First, the IP of the candidate host should not fall into Cloudflare IP ranges, otherwise, we have just found the Cloudflare server which acts as a middleman between the end-users and the origin server. Then, the HTML response of the candidate host should be similar to the response we get when accessing the website using its standard domain name (e.g., mytarget.tld). I say similar because exact equality is too strict here, since it is common that parts of the same webpage change every time – CSRF tokens, session identifiers, and so on.

Once we find a set of hosts matching these criteria, we can be quite confident we have found a set of exposed origin servers. Of course, these hosts could be very similar to mytarget.tld but actually be development or staging instances. We cannot know with 100 % confidence, but what can help is to browse to the candidate host’s IP directly, and see if it behaves like the production website accessible via mytarget.tld: can you register an account on it? Can you login to an account you created from mytarget.tld, and vice versa? If the answer is yes, you should be pretty confident you found an origin server which shouldn’t be publicly exposed.

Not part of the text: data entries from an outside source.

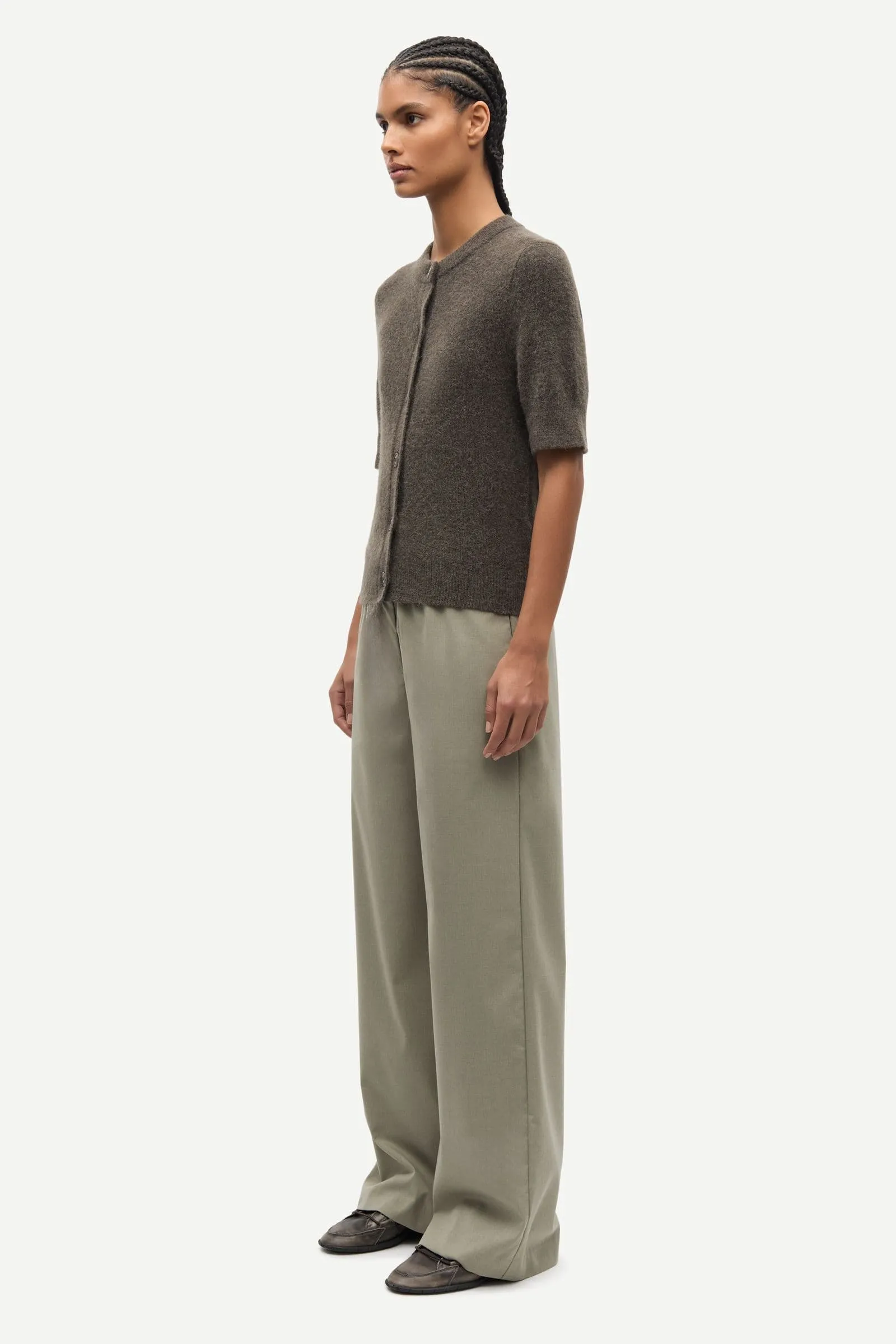 Samsoe Samsoe | Sanoura Short Sleeve Cardigan - Major Brown sold by Sisters & Co product image thumbnail 3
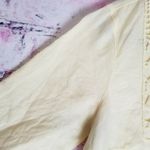 MALVIN HAMBURG GERMANY 100% LINEN CROCHET V NECK YELLOW SWIM BEACH COVER 10 Photo 4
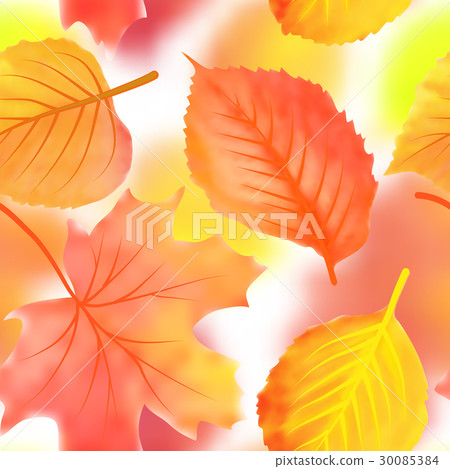 Vector seamless pattern with red and yellow autumn Vector seamless pattern with red and yellow autumn 30085384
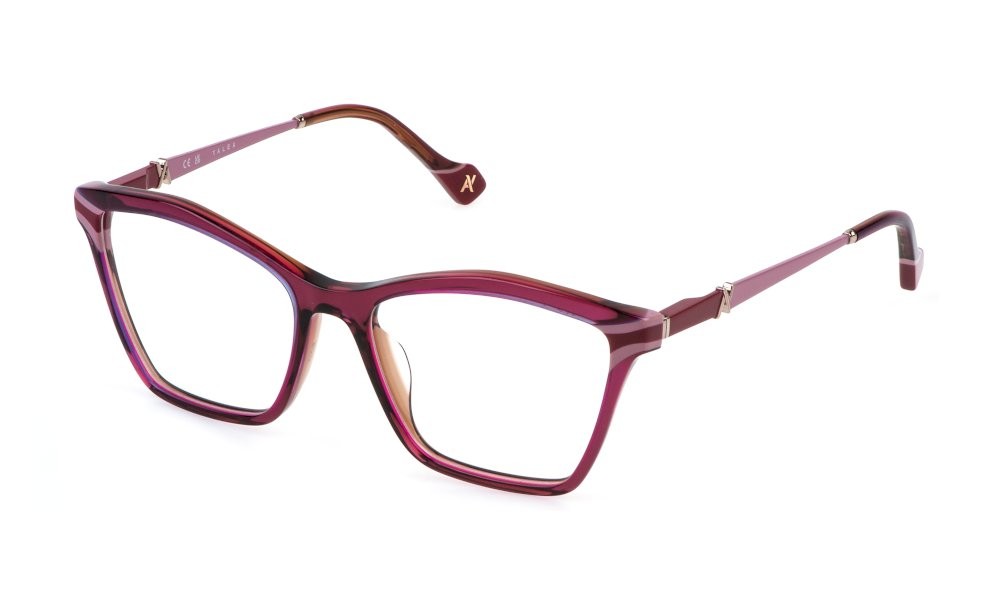 Occhiali da vista Yalea Kristalina VYA162 (09WG) colore top bordeaux+rosa 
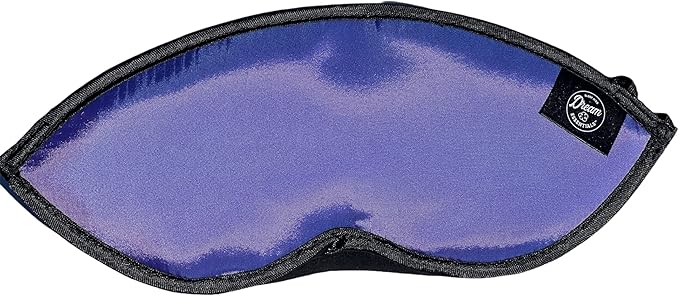 Dream Essentials Dreamer Sleep Mask Includes Free Pair of Earplugs, Wide Cradle Headband - Purple Haze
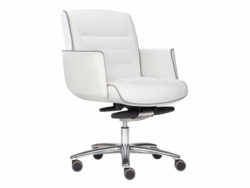 White executive leather modern conference chair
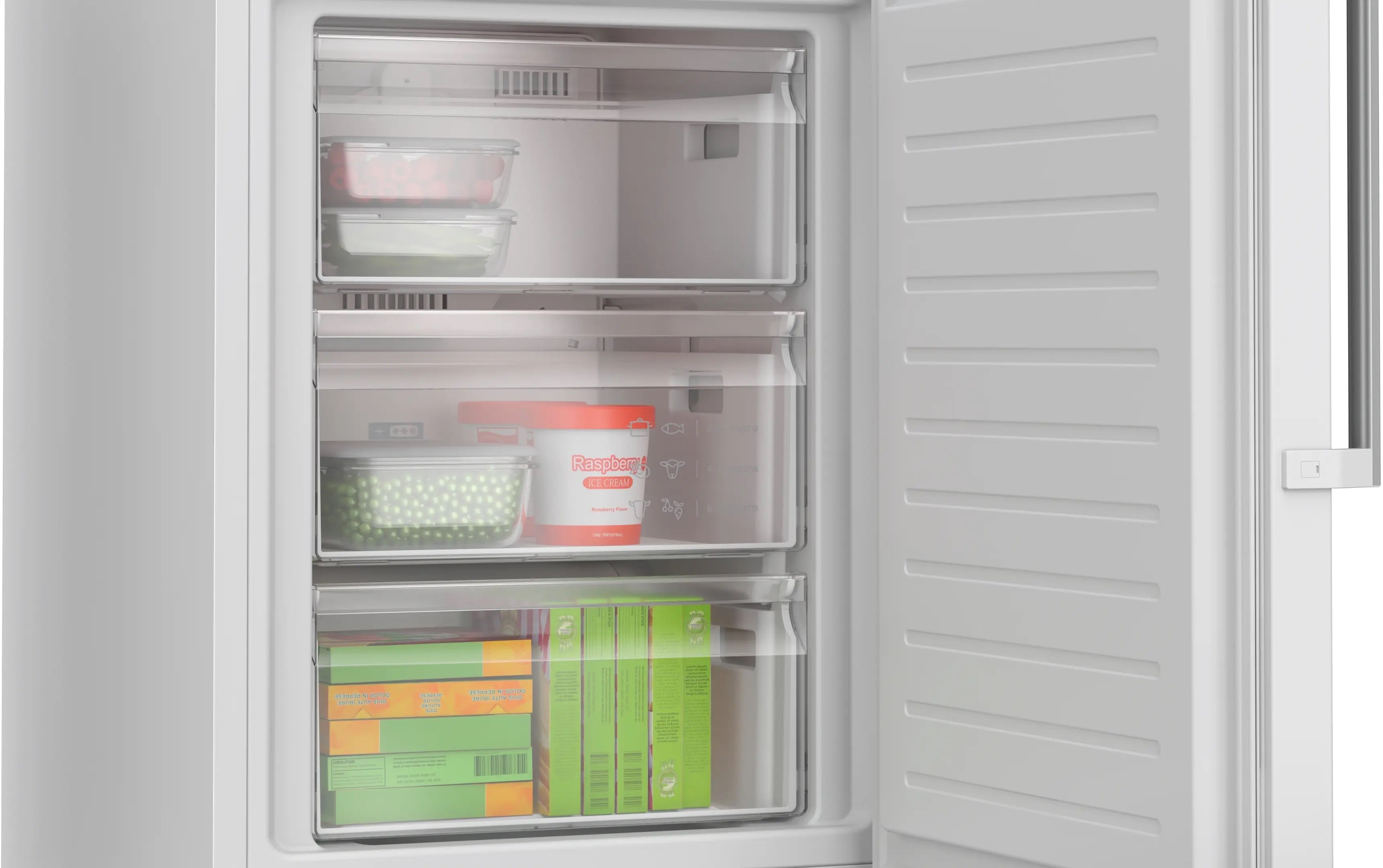 Bosch Series 6 Free-standing fridge-freezer 203 x 60 cm White - KGN39AWCTG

Keep in mind that accessing an origin server by entering directly its IP in your browser’s address bar will sometimes not work, as the web server running on it might be expecting an HTTP Host header. When this is the case, you can add a static mapping to your hosts file or query the origin server with a tool like curl or Postman which allows you to set specific Host headers.

Automating the process with CloudFlair

This process can be cumbersome when done manually; to help automate it, I wrote a tool called CloudFlair. It uses the Censys API to search for SSL certificates and associated IPv4 hosts. Once it has retrieved a list of potential origin servers using the method previously described, it will call each one of them and compute the similarity of the response with the response sent by the original domain. It uses a structural similarity function designed on purpose for comparing web pages (described here), since standard string similarity functions such as the Levenshtein distance are too slow to work with strings of the size of a typical web page.

Here’s a sample output.

Once you get a list of likely origin servers, you might still have to make a few manual checks to confirm the result.

Remediation

Update: After Cloudflare’s CTO pointed it out on Twitter, the best mitigation in the future will probably be to use Cloudflare Warp. This feature is currently still in beta, but it’s probably going to be a real game-changer regarding this issue. I did not look into in detail, but essentially it’s allowing you to open a tunnel to a Cloudflare from within a private network (not publicly routable), making sure that only Cloudflare can access your origin server (since it’s not exposed on the Internet).

If your website is vulnerable to the weakness discussed in this post, there is most likely no easy way to fix it. Once the IP of an origin server has leaked, it’s game over. The data used by Censys is versioned, and anyone can download a snapshot of this data at any point in time. What’s more, restricting the incoming traffic on a server is not enough to protect it against DDoS attacks. Dropping traffic at the software level with iptables does not prevent an attacker from sending a large number of packets to the server to consume all the available bandwidth and make it inaccessible to legitimate users.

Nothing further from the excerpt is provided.